# Walmart Jug Lines



## rkerhs409 (Aug 15, 2006)

I was walking around the fishing section at Walmart this morning and saw they had a couple jugs for around $5 each. The thing is they were a burnt orange color. I kind of fell sorry for some guy that buys them and gets a ticket for not being white. I know orange is for commercial fisherman. Just found this a little odd.
http://www.walmart.com/ip/Little-Stinker-Pop-Up-Glow-N-Dark-Fish-A-Noodle/19593657


----------



## redexpress (Apr 5, 2010)

It's WalMart. They know nothing! 
Last year I heard that they were going to expand the sporting goods dept. Nothing yet. I keep threatening I'm not going to set foot in there again, but sometimes there's no choice. I wonder if it's the local manager, or WalMart corporate that can't hit their butts with both hands? Can't keep the same thing on the shelf for 3 weeks. If you see it and like it, you better buy it now. 
Drive to Baytown Academy, but it ain't much better. Turning into a clothing store.


----------



## rkerhs409 (Aug 15, 2006)

So true, just wish we had a Marburgers closer.

Walmart does not have any control what they get. Some guy sitting somewhere in AK determine what merchandize every store gets.


----------



## redexpress (Apr 5, 2010)

Yeah, don't even have Lewie's anymore. Soon be a liquor store is the rumor.


----------



## Sunbeam (Feb 24, 2009)

Bentonville buys and the distribution centers ship according to a stores history and location.
No human fisherman type input.
Academy is becoming the "empty peg board" store.
I was in the one on I45 north looking for swivels. Found one lousy pack and they were too small. Rows ans rows of empty pegs.


----------



## SHARKTEETH (Aug 7, 2005)

Bought 4 catfish noodles from Livingston WalMart today, they were all white. But I have seen the orange ones.


----------



## troutless (Feb 17, 2006)

I saw some in the Conroe Walmart a couple of day. But I made some a couple of years ago.


----------



## P (Nov 18, 2012)

rotella T jugs


----------



## P (Nov 18, 2012)

*trinity*

yummy


----------



## rkerhs409 (Aug 15, 2006)

I made 50 flagging jugs last year and don't need anymore. Just ran across them and found the color odd. Been trying to get out but weather keep screwing up the weekends.
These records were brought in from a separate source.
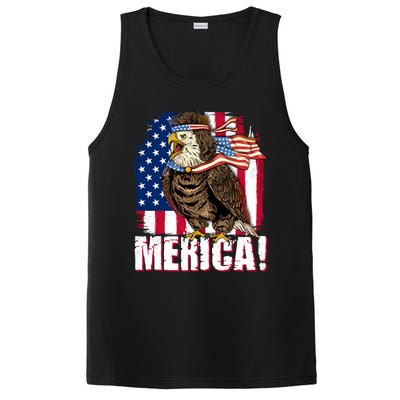 Eagle American Flag Usa Flag Mullet Eagle 4th Of July Merica Cool Gift PosiCharge Competitor Tank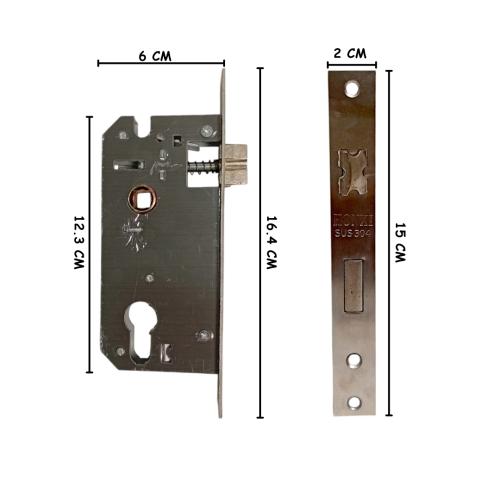 HONXI Handle Door Lock Tarikan Handle Kunci Pintu Tanggung Set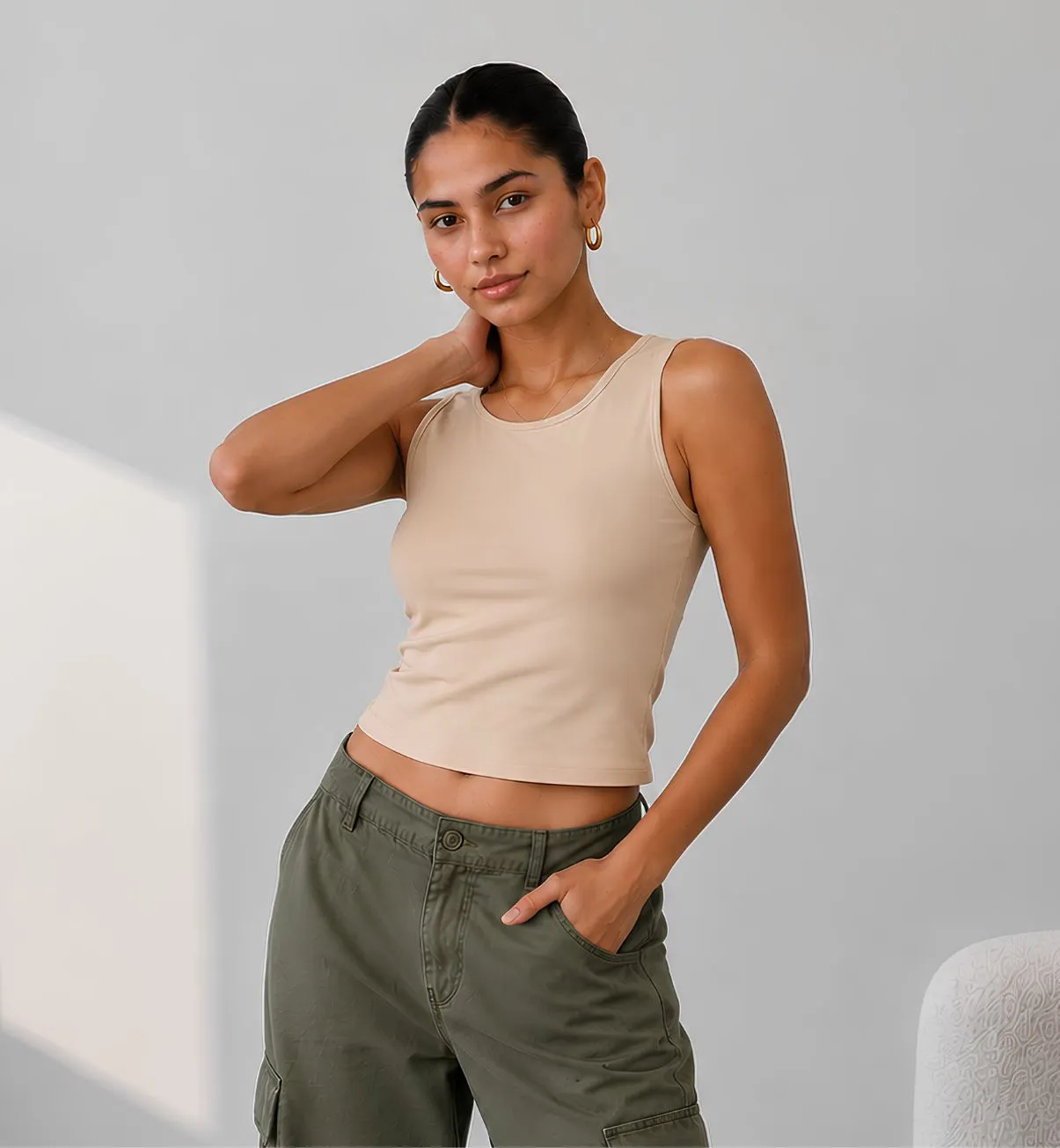 Women Cut Thin Top
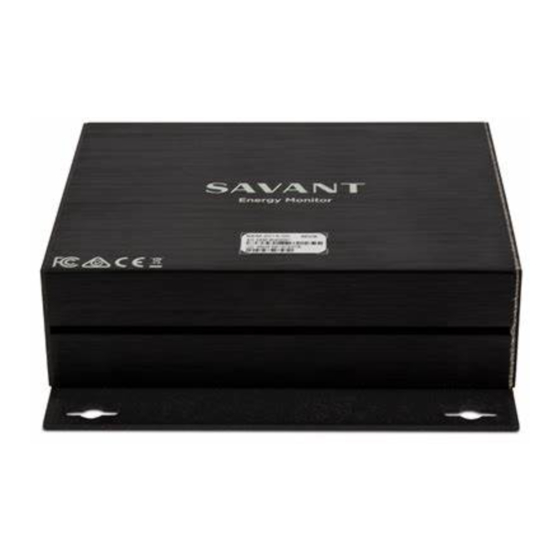 Savant SEM-2015 Quick Reference Manual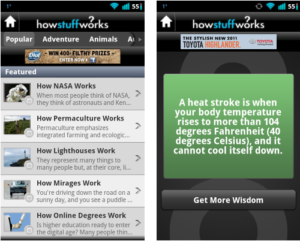 How stuff works best android app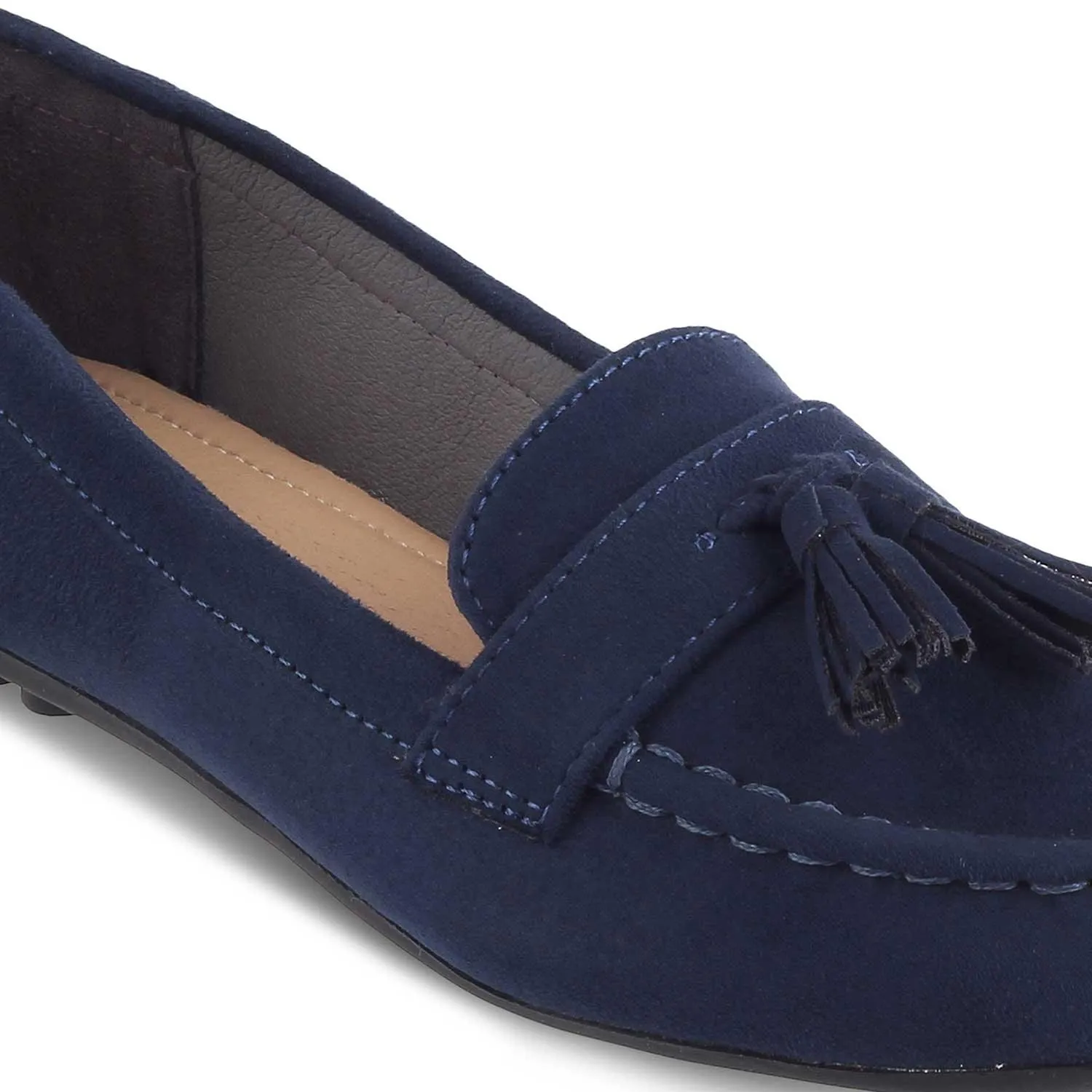 The Bonum Blue Women's Dress Tassel Loafers Tresmode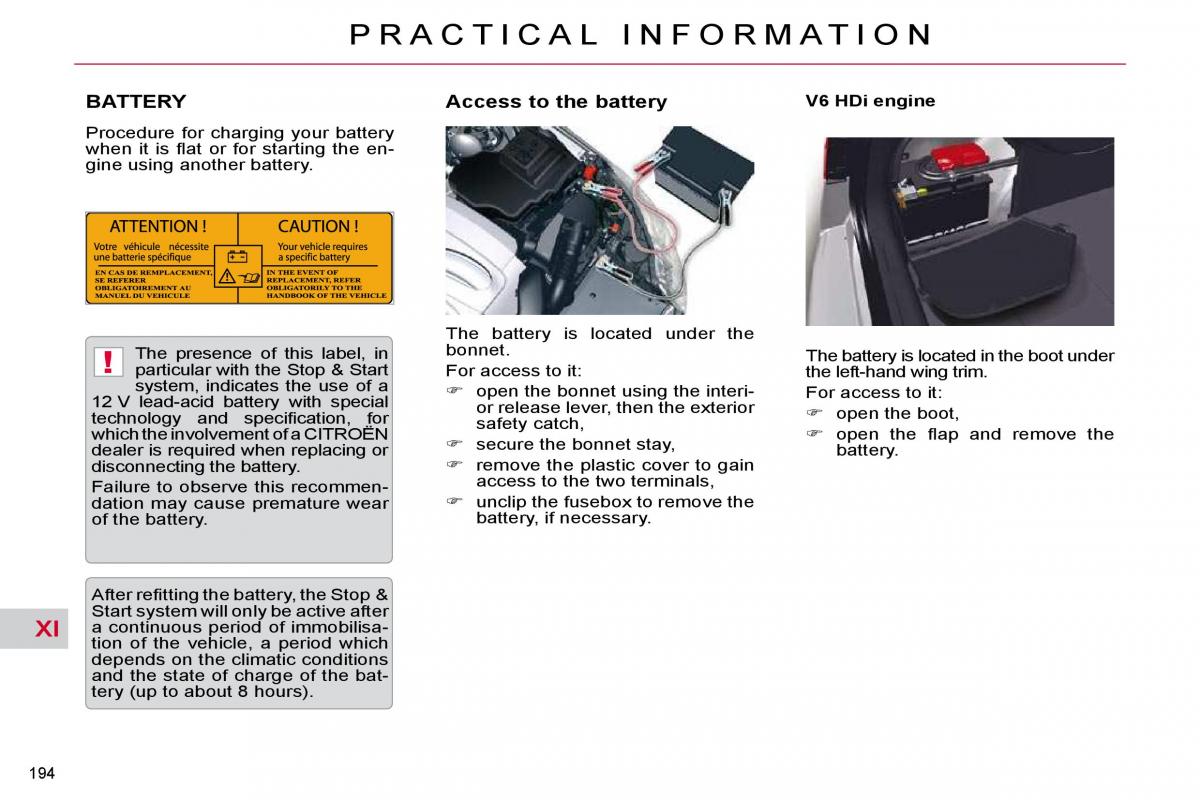 Citroen C5 II 2 owners manual / page 218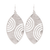 Rain Dangle Earrings, Spiral Cutouts - Silver (E3460S)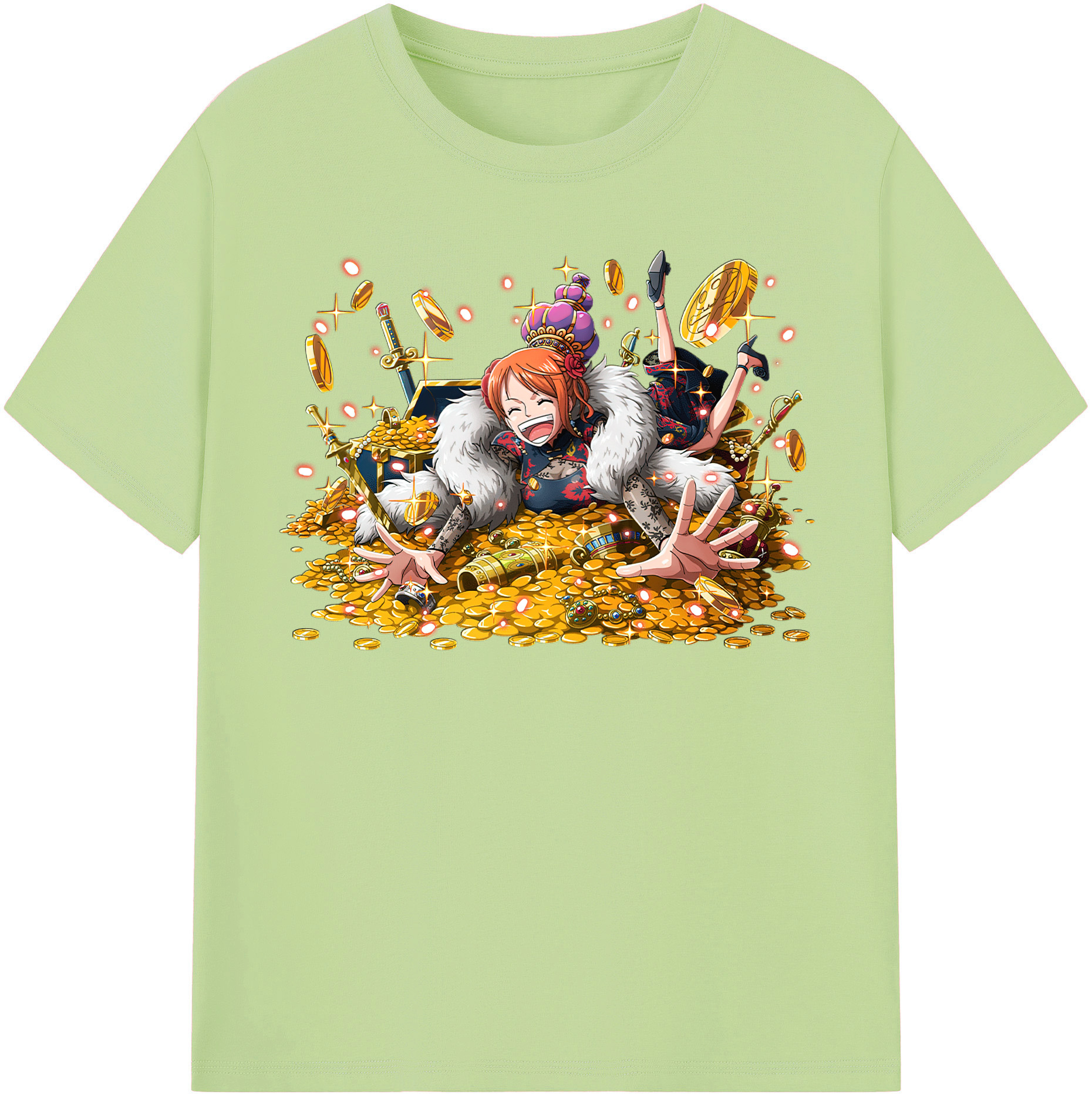 ワンピース ナミ ONE PIECE Nami 綿100％半袖Tシャツ（フロントプリント）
50 Rotella jugs would take up a lot of room


----------



## slimshady123 (Feb 5, 2013)

lewie's was the place to go


----------



## P (Nov 18, 2012)

we have a new bait shop in romayor if there is something your looking for the nice lady would be glad to order it if your up that way


----------



## bearintex (Feb 7, 2006)

TPWD is dropping the white requirement this coming go-round. Just can't be orange, those are commercial only.


----------